Development prize: New materials
A VVT parts manufacturing line, which provides the simultaneous green machining of holes and grooves and the attachment of a two-dimensional barcode
Sumitomo Electric Industries Ltd. received a process development prize for a manufacturing line for Variable Valve Timing (VVT) parts, which provides the simultaneous green machining of holes and grooves and the attachment of a two-dimensional barcode to ensure high quality. Also, the line provides successful touchless manufacturing of parts, from compacting to sizing.
VVT systems control the timing of valve opening and closing by changing the phase of the rotor with oil pressure, enhancing power output and reducing fuel consumption. VVT parts are rapidly developing, with, for example, the rotor becoming unified with oil control valve, and the demand for holes and grooves, which cannot be moulded in compaction, has increased. Therefore, the increase in machining cost, including deburring after sintering, has become a problem area.

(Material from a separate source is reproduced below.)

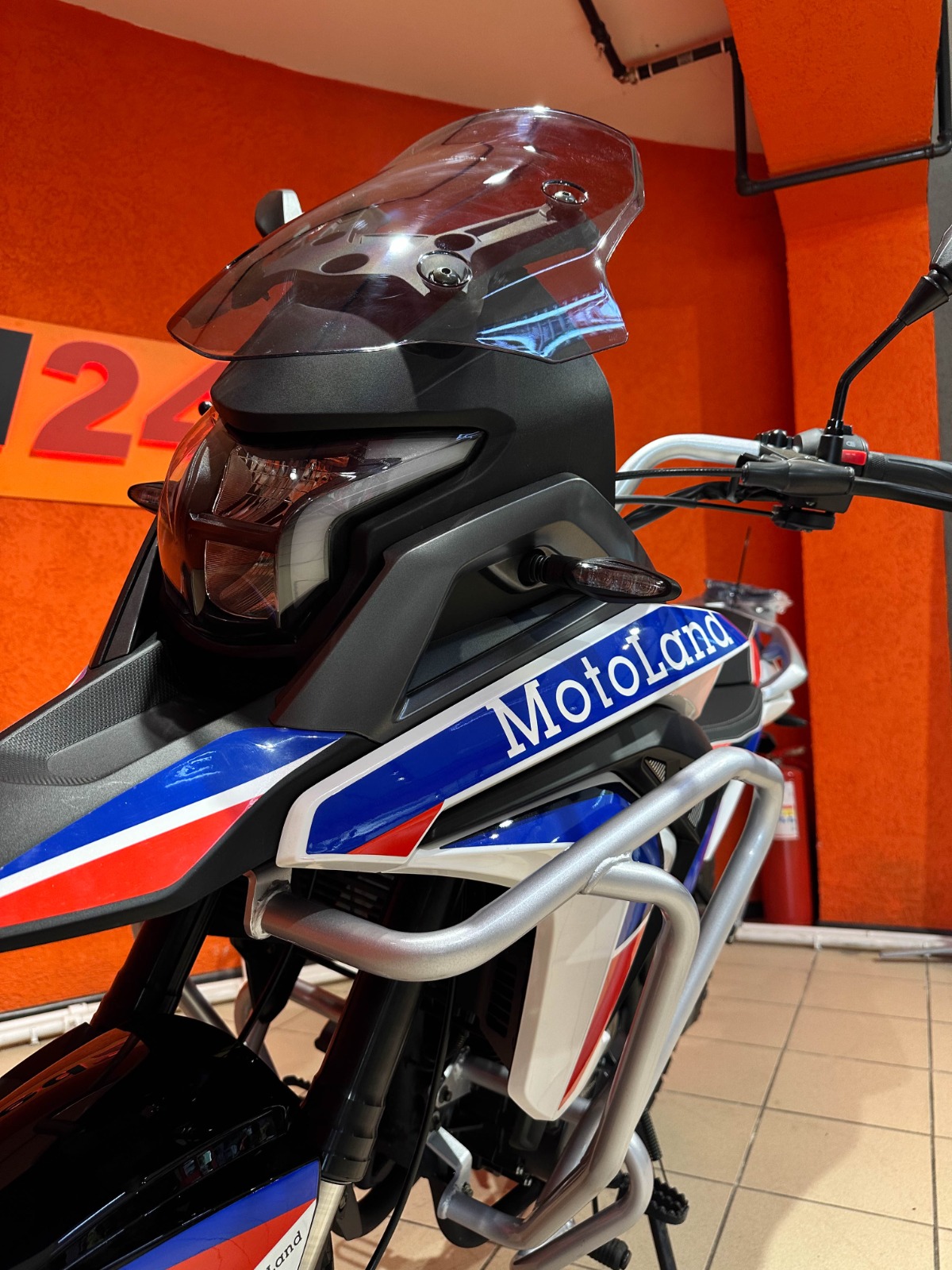 картинка Мотоцикл Motoland GS ENDURO (172FMM-5/PR250) | Moped24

To solve this problem, Sumitomo Electric has applied green machining, enabling rapid machining without burr formation, and has sought to decrease cost. However, previous green machining processes have had concerns regarding cracks and chips. Also, the machining was not linked with compaction and sintering and therefore created problems in terms of productivity. Therefore, the company has now developed the multi-machining technology of holes and grooves in one operation and succeeded in building a consistent higher productivity line. This line can prevent the risk of cracks and chips, due to offline handling, by in-lining the green machining equipment, linking it with the compaction process, and machining with a touchless and stockless concept. In addition, traceability has been enhanced by attaching a two-dimensional barcode by laser beam to each product before sintering, enabling the tracing of product quality and manufacturing information, and the risk of cracks and chips in green machining has been decreased.
Development of a multistage complicated shape side plate, laser quenched on the nonconsecutive surface
Sumitomo Electric Industries Ltd. was awarded an effort prize for the development of a laser quenched multistage complicated shape side plate adapted to the high torque phase control system of a VVT rotor.

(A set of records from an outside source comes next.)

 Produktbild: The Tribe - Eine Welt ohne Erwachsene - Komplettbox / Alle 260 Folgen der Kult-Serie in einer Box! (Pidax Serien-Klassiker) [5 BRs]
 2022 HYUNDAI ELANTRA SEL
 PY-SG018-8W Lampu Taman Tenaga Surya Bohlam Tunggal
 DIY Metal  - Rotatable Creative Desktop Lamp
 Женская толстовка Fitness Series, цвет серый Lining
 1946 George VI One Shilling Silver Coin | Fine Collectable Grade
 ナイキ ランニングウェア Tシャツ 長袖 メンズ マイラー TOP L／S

High torque was necessary for the controlling phase of the rotor and, in the conventional model, several springs were attached to the rotor itself to control phase. However, in the developed model, a system which controls phase from outside the unit was adopted.

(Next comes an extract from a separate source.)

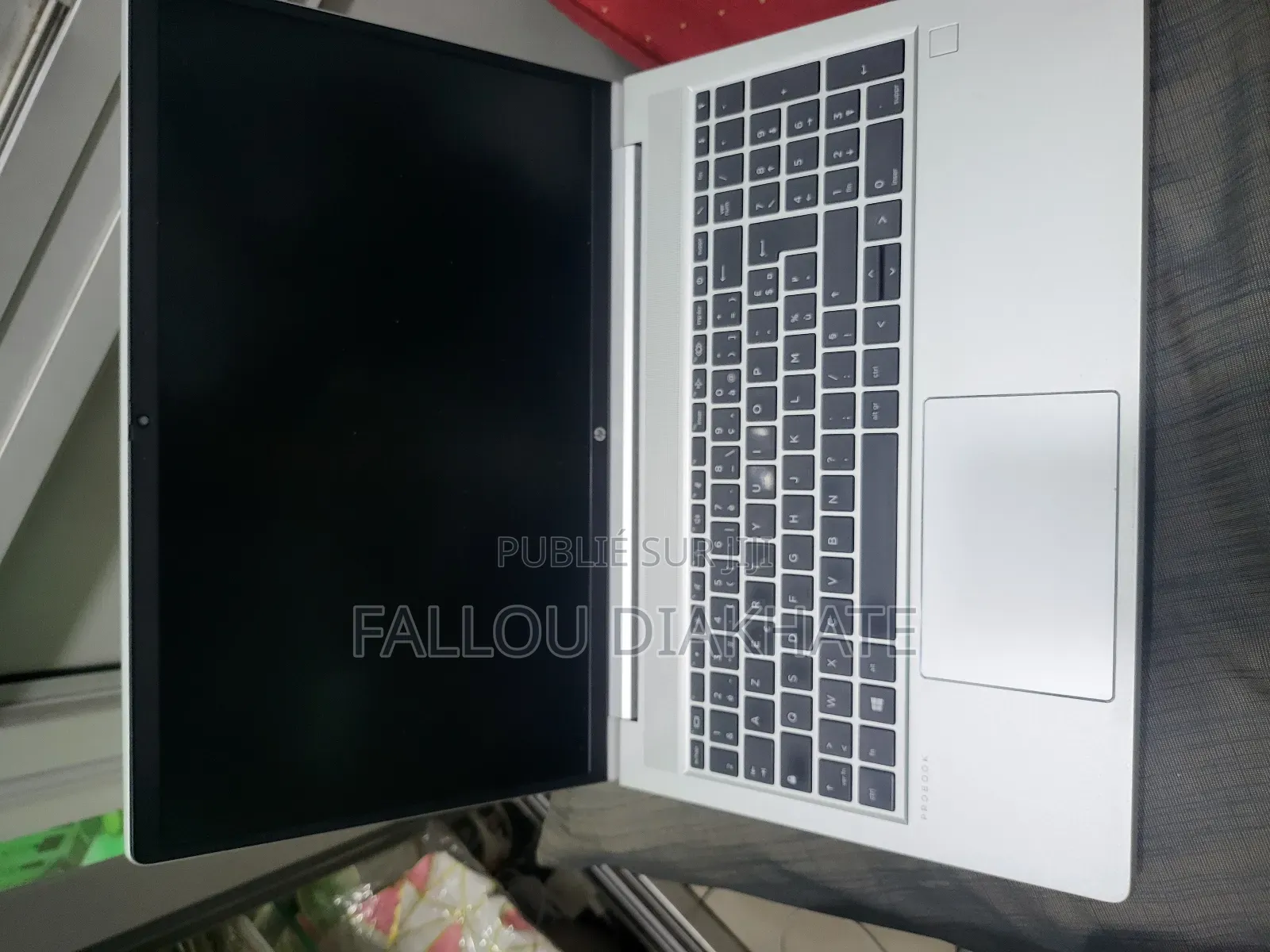 New Ordinateur Portable HP ProBook 450 G8 16GB Intel Core I5 SSD 256GB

Therefore, a large spring, which slides with the side plate, was attached, and the replacement of the aluminium casting with a sintered iron part was demanded. Regarding the product shape, the side plate was difficult to compact, due to the many tangs required to fix the spring to the surface and the deep oil groove on the opposite surface. In order to maximise the benefits of using PM, multistage compaction was successfully designed in at an early stage. Furthermore, the side surface of each tang demanded wear resistance, due to the sliding of the spring. Though the surface was uneven, laser quenching was applied, which achieved the required hardness without decreasing accuracy by using a simple jig and program, instead of induction hardening with a complicated coil design.